LogisticLoss is a common objective function used for binary classification.

 Operation Computational methods dense_batch dense_batch

## Mathematical formulation¶

### Computing¶

Algorithm takes dataset $$X = \{ x_1, \ldots, x_n \}$$ with $$n$$ feature vectors of dimension $$p$$, vector with correct class labels $$y = \{ y_1, \ldots, y_n \}$$ and coefficients vector $$w = \{ w_0, \ldots, w_p \}$$ of size $$p + 1$$ as input. Then it calculates logistic loss, its gradient or gradient using the following formulas.

#### Value¶

$$L(X, w, y) = \sum_{i = 1}^{n} -y_i \log(prob_i) - (1 - y_i) \log(prob_i)$$, where $$prob_i = \sigma(w_0 + \sum_{j=1}^{p} w_j x_{i, j})$$ - predicted probabilities, $$\sigma(x) = \frac{1}{1 + \exp(-x)}$$ - sigmoid function. Note that probabilities are binded to interval $$[\epsilon, 1 - \epsilon]$$ to avoid problems with computing log function ($$\epsilon=10^{-7}$$ if float type is used and $$10^{-15}$$ otherwise)

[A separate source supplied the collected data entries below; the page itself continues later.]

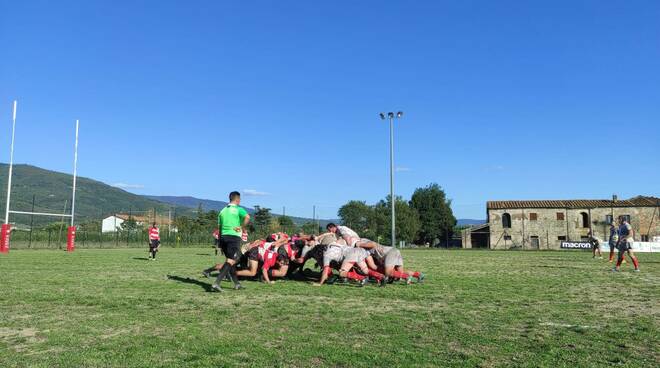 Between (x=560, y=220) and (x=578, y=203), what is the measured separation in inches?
160

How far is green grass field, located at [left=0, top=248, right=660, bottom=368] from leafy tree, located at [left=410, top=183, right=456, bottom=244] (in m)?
84.7

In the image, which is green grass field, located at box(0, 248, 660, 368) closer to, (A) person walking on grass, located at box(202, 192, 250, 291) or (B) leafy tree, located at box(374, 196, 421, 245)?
(A) person walking on grass, located at box(202, 192, 250, 291)

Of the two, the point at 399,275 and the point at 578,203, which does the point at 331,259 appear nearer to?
the point at 399,275

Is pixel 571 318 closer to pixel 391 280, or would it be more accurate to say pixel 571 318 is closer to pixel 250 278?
pixel 391 280

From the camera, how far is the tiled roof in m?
66.6

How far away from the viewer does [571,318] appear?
21.0 ft

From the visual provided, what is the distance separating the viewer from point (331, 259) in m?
10.7

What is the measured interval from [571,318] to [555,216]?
68521mm

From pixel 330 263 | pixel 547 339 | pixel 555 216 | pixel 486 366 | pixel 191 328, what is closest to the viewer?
pixel 486 366

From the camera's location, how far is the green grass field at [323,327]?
4.28m

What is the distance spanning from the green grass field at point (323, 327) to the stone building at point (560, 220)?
6338cm

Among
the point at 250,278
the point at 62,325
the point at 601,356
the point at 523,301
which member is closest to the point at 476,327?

$$\overline{grad} = \frac{\partial L}{\partial w}$$, where $$\overline{grad}_0 = \sum_{i=1}^{n} prob_i - y_i$$, $$\overline{grad}_j = \sum_{i=1}^n X_{i, j} (prob_i - y_i) + L1 \cdot |w_j| + 2 \cdot L2 w_j$$ for $$1 \leq j \leq p$$

#### Hessian¶

$$H = (h_{ij}) = \frac{\partial L}{\partial w \partial w}$$, where $$h_{0,0}= \sum_{k=1}^n prob_k (1 - prob_k)$$, $$h_{i,0} = h_{0,i} = \sum_{k=1}^n X_{k,i} \cdot prob_k (1 - prob_k)$$, $$h_{i,j} = \sum_{k=1}^n X_{k,i} X_{k,j} \cdot prob_k (1 - prob_k) + [i = j] 2 \cdot L2$$ for $$1 \leq i, j \leq p$$

### Computation method: dense_batch¶

The method computes value of objective function, its gradient or hessian for the dense data. This is the default and the only method supported.

## Programming Interface¶

Refer to API Reference: LogisticLoss.

## Distributed mode¶

Currently algorithm does not support distributed execution in SMPD mode.